About this task | Your answer must be an exact copy of the listing, with the images left out.

Recorded information |

··········

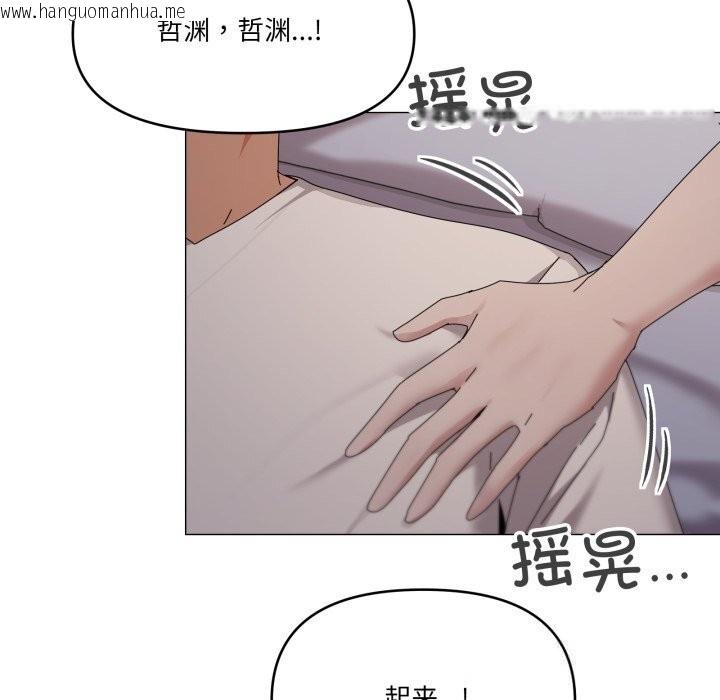 韩国漫画家人之间这样不好吧？韩漫_家人之间这样不好吧？-第58话在线免费阅读-韩国漫画-第53张图片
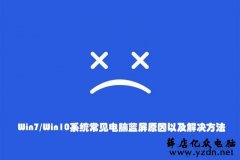 Win7/Win10系统常见电脑蓝屏原因以及解决方法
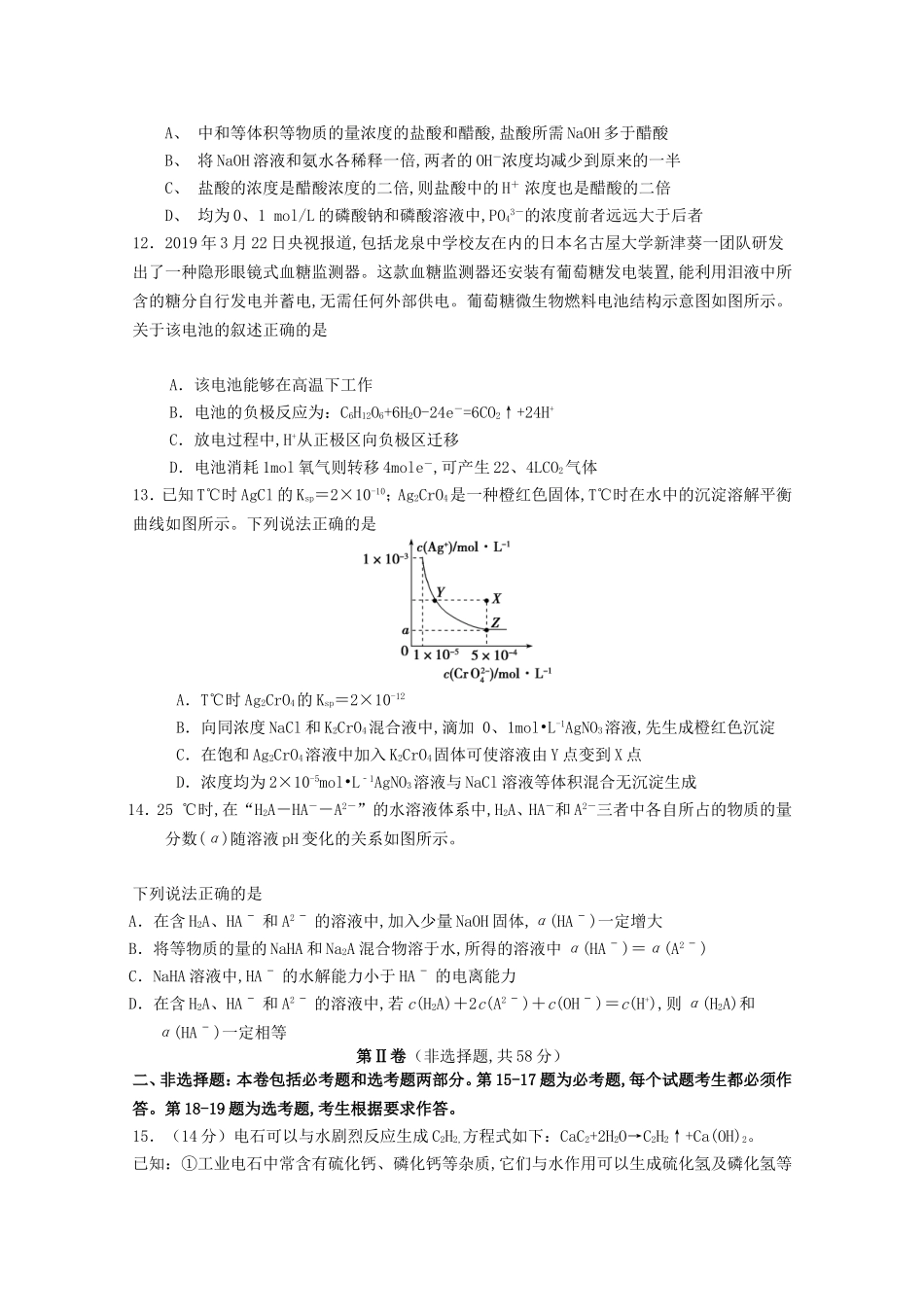 春“荆、荆、襄、宜四地七校考试联盟”高二期中联考化学试题_第3页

··········

Answer space |
 韩国漫画家人之间这样不好吧？韩漫_家人之间这样不好吧？-第58话在线免费阅读-韩国漫画-第53张图片
 Win7/Win10系统常见电脑蓝屏原因以及解决方法
 春“荆、荆、襄、宜四地七校考试联盟”高二期中联考化学试题_第3页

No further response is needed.